Exercise description: Reproduce from the records below, with no pictures, exactly the lines between the one containing "Rusya Haziran 2020." and the one containing "FILE - Stephane", inclusive.

(Dataset entries)
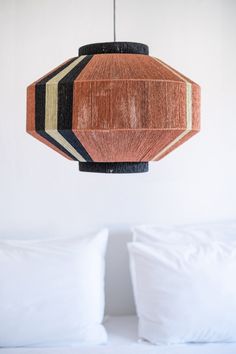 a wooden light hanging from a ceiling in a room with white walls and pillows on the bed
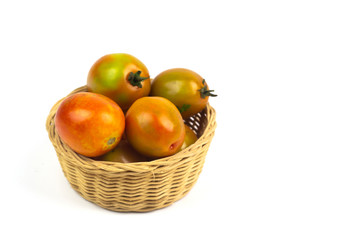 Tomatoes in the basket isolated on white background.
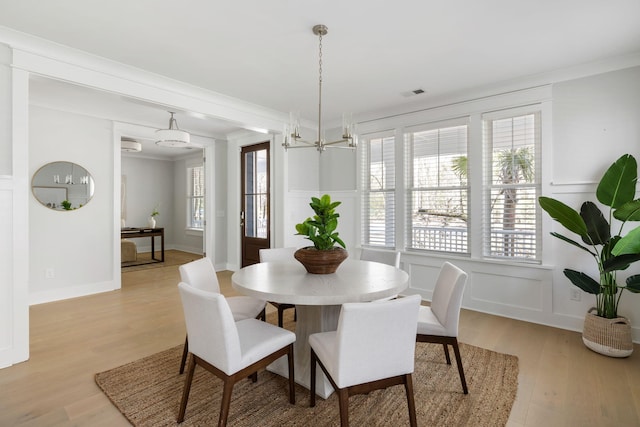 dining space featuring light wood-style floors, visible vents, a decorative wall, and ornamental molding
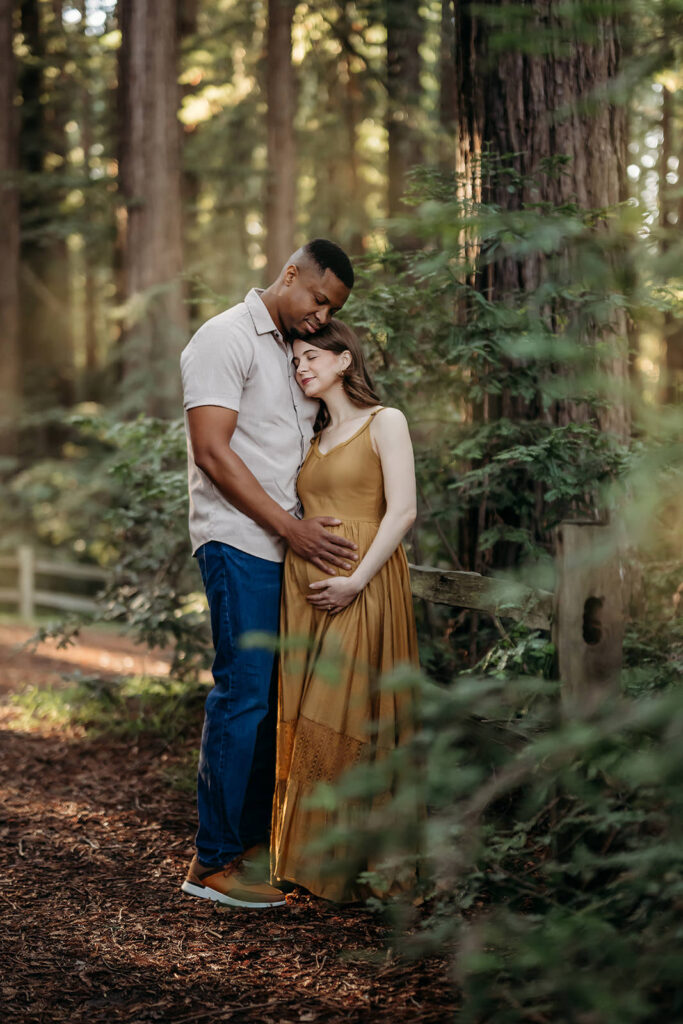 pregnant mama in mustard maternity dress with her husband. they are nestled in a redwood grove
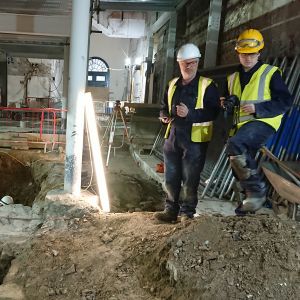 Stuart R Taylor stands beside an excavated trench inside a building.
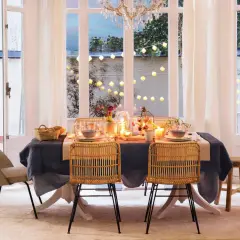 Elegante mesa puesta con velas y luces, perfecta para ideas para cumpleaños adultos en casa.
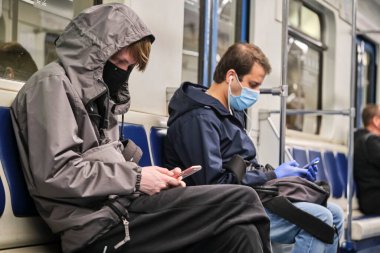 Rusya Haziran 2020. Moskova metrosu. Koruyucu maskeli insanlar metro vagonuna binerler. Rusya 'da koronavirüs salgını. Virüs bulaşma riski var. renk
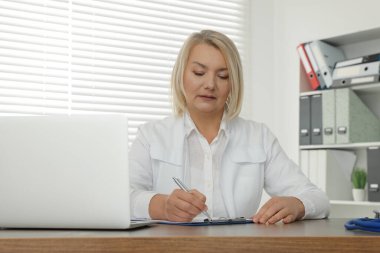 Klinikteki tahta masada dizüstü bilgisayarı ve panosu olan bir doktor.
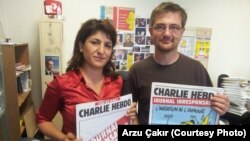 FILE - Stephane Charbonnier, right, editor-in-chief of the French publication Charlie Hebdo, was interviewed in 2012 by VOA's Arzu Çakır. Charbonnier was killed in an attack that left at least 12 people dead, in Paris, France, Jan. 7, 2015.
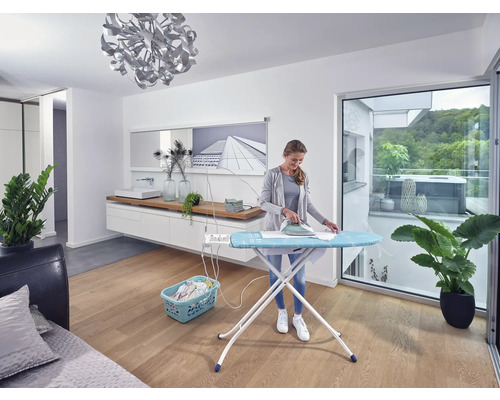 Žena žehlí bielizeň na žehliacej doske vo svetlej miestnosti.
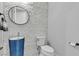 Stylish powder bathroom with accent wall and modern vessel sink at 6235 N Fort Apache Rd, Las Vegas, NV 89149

* * *

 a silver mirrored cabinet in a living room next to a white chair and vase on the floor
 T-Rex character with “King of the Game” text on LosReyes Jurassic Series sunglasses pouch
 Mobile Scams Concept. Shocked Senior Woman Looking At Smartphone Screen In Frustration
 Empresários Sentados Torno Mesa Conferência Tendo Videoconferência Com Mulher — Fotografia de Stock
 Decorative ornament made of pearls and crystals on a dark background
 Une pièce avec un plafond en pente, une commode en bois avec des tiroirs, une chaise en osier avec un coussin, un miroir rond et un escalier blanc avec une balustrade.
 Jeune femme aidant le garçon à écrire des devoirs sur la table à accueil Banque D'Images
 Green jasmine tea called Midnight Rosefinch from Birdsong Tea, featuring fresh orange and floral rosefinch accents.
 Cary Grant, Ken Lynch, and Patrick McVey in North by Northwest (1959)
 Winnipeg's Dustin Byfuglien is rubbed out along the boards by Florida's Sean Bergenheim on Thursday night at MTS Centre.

Answer area:
 Rusya Haziran 2020. Moskova metrosu. Koruyucu maskeli insanlar metro vagonuna binerler. Rusya 'da koronavirüs salgını. Virüs bulaşma riski var. renk
 Klinikteki tahta masada dizüstü bilgisayarı ve panosu olan bir doktor.
 FILE - Stephane Charbonnier, right, editor-in-chief of the French publication Charlie Hebdo, was interviewed in 2012 by VOA's Arzu Çakır. Charbonnier was killed in an attack that left at least 12 people dead, in Paris, France, Jan. 7, 2015.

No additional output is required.